Send back the line that contains "con forro palmas" and all lines following it through the end of the data below, exactly, omitting pictures.

** Data records follows **

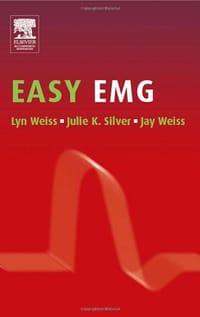 书籍 Easy EMG, 1e的封面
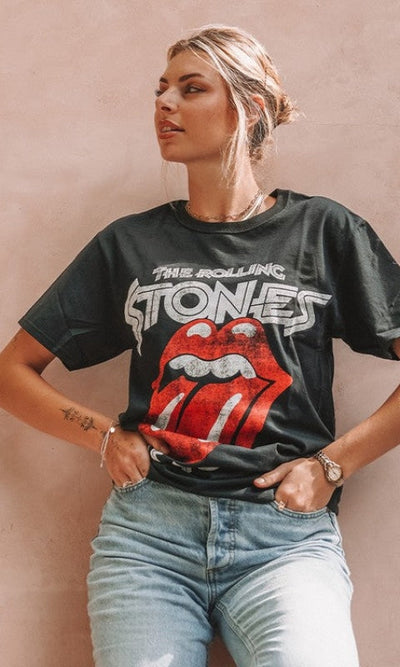 Rolling Stones Tee - Shirts & Tops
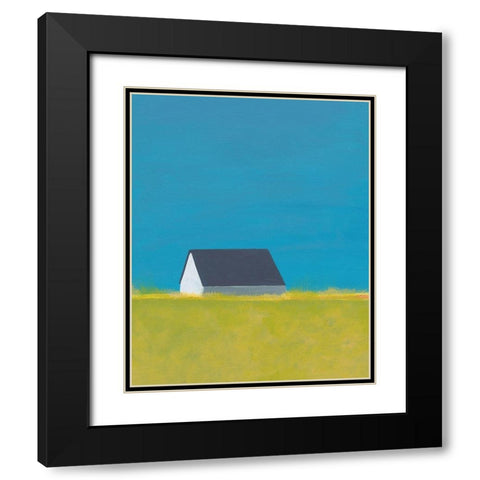 Its a Farmhouse Black Modern Wood Framed Art Print with Double Matting by Weiss, Jan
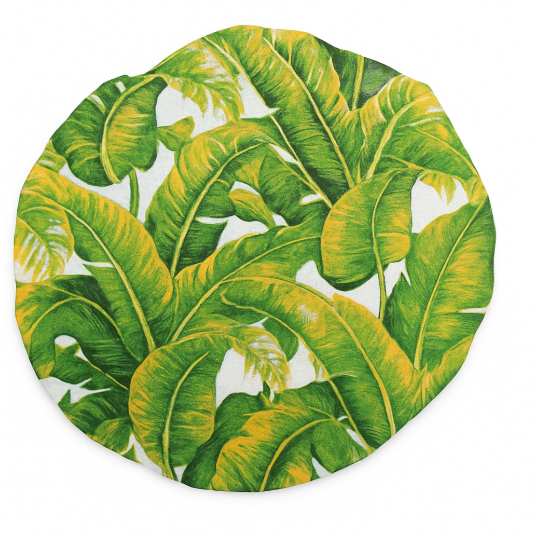 Plato base  con forro palmas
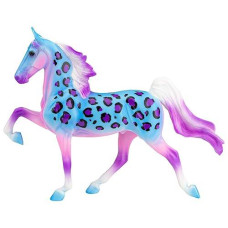 Breyer Horses Freedom Series 90'S Throwback Decorator Series Horse | Horse Toy | Special Edition | 9.75" X 7" | 1:12 Scale | Model #62221, Blue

** End of Data records **

_Exercise answer_.
 Plato base  con forro palmas
 Breyer Horses Freedom Series 90'S Throwback Decorator Series Horse | Horse Toy | Special Edition | 9.75" X 7" | 1:12 Scale | Model #62221, Blue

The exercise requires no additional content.